- [EXERCISE AIM]: Copy each line of the data below exactly, leaving out pictures.

- [DATA SEGMENT]:
------------------------------------------------------------------------

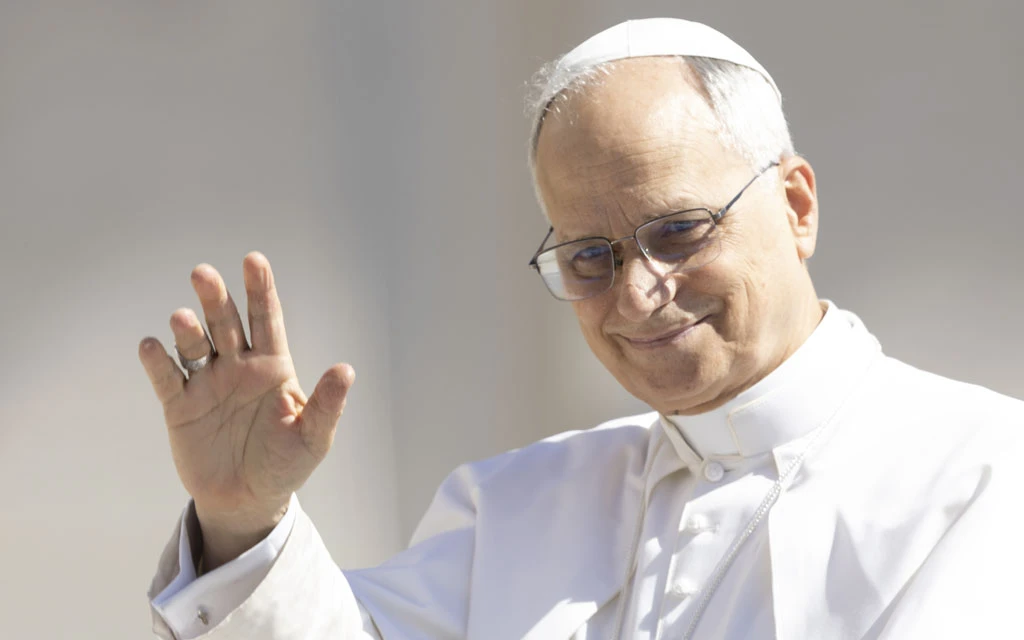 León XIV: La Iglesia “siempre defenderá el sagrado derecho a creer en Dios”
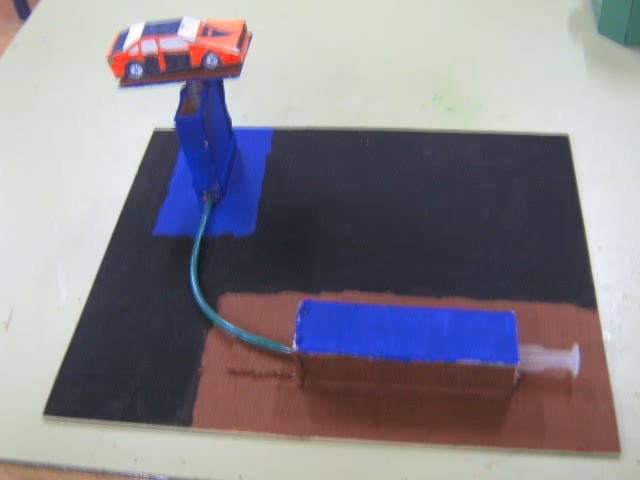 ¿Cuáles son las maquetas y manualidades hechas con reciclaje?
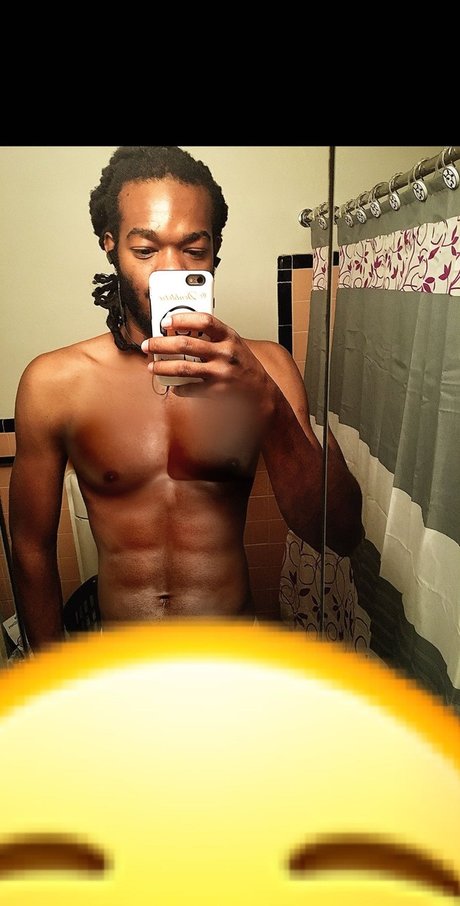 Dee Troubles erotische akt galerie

------------------------------------------------------------------------

- [RESULT]:
 León XIV: La Iglesia “siempre defenderá el sagrado derecho a creer en Dios”
 ¿Cuáles son las maquetas y manualidades hechas con reciclaje?
 Dee Troubles erotische akt galerie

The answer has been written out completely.